* [Work request]:
Set down exactly the lines in the records below that run from the line with "Read CRAVE (Volume)" to the line with "Pedeset imena za kišu - Aša Lemi", inclusive, and nothing more.

* [Information shown]:
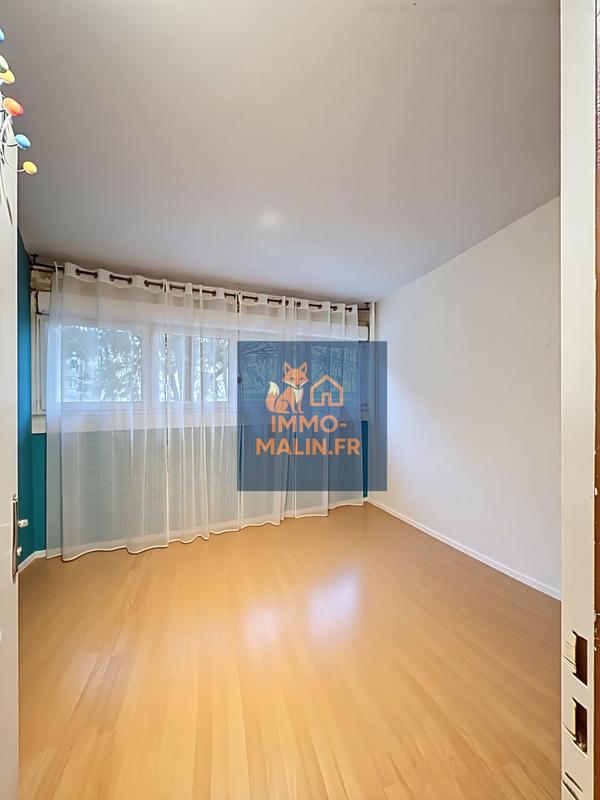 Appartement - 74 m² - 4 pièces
* * *
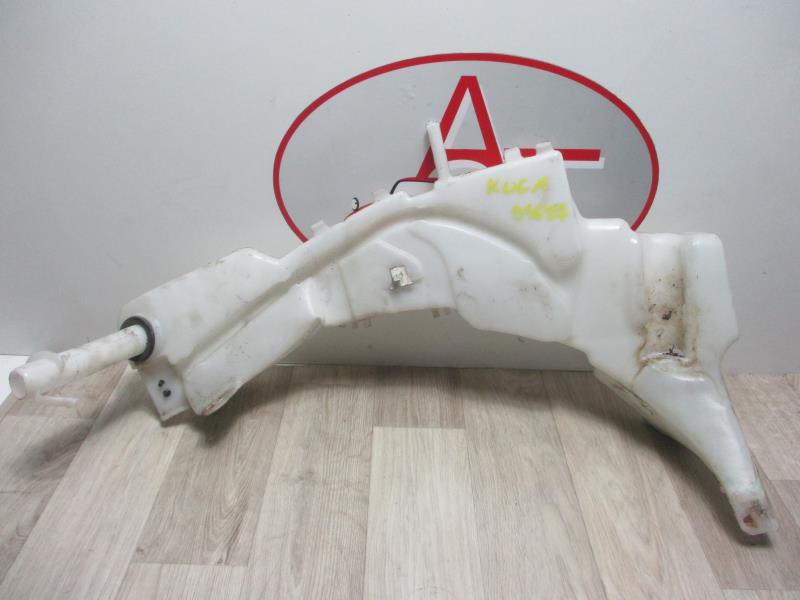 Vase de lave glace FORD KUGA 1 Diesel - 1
...
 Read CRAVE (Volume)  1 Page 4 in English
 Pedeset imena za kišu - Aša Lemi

* [Reply to the task]:
 Read CRAVE (Volume)  1 Page 4 in English
 Pedeset imena za kišu - Aša Lemi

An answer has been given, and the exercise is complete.